Xenograft experiments. Male nude mice were purchased from Beijing Vital River Laboratory Animal Technology Co. Ltd. Five million LNCaP95 cells were suspended in 200 μL of PBS-diluted Matrigel (1:1) and injected subcutaneously into the dorsal flank of castrated male nude mice aged 6–8 weeks. Tumor-bearing mice were randomly divided into 4 groups (n = 6 per group) and treated via i.p. injection every other day for 4 weeks as follows: (i) DMSO, (ii) AZD6738 (25 mg/kg), (iii) dasatinib (10 mg/kg), and (iv) AZD6738 (25 mg/kg) plus dasatinib (10 mg/kg). Tumor volumes were measured weekly using a digital caliper and calculated with the formula: volume = 0.5 × length × width × width. After 28 days of treatment, mice were euthanized, and tumors were collected for immunoblotting and IHC analysis.

Statistics. Statistical analyses were carried out using GraphPad Prism (version 8) software. Experimental data were normalized to internal controls from at least 3 independent biological replicates, with all data represented as means ± SD. When comparing data from 2 treatment groups (e.g., LNCaP95 vs. LN95(KO) cells), Student’s 2-tailed t test was used to determine significance when P < 0.05. For comparisons involving more than 2 groups, ANOVA followed by Tukey’s test for pairwise comparisons was performed.

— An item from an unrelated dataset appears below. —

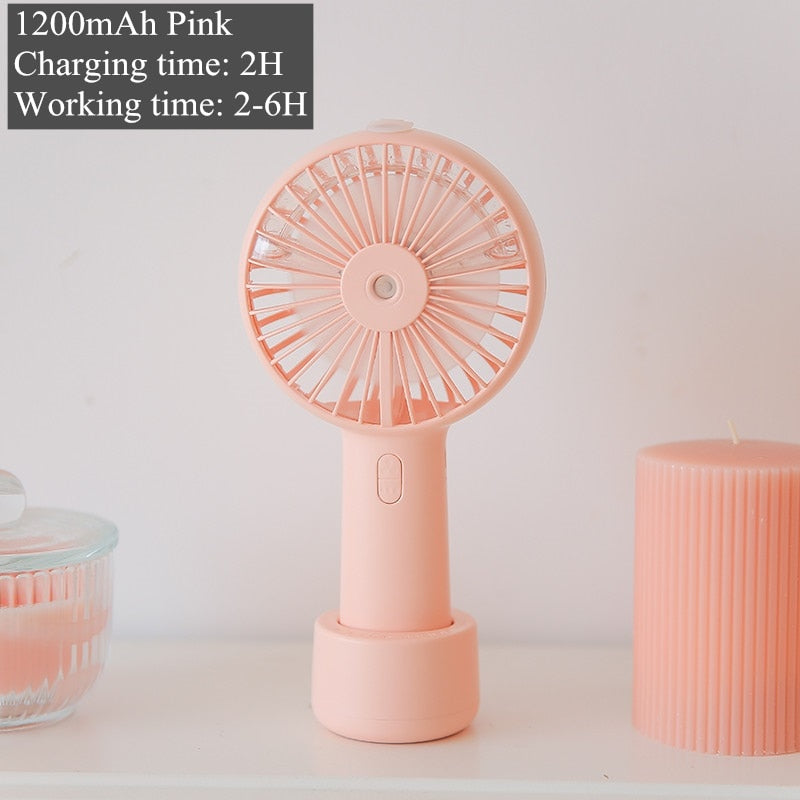 Battery Portable Water Spray Mist Fan Electric USB Rechargeable Handheld Mini Fan Cooling Air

Study approval. The research protocol for the VPC cohort was approved by the Clinical Research Ethics Board of the UBC (H20-01680), and all patients signed a formal consent form approved by the ethics board. All animal studies were approved by The First Affiliated Hospital of Shandong First Medical University (2024-S6056).

Data availability. The RNA-Seq data from this study are deposited in the Gene Expression Omnibus under accession codes GSE292707 and GSE292813. Supporting data relevant to the main manuscript and supplement are available in the Supporting Data Values file.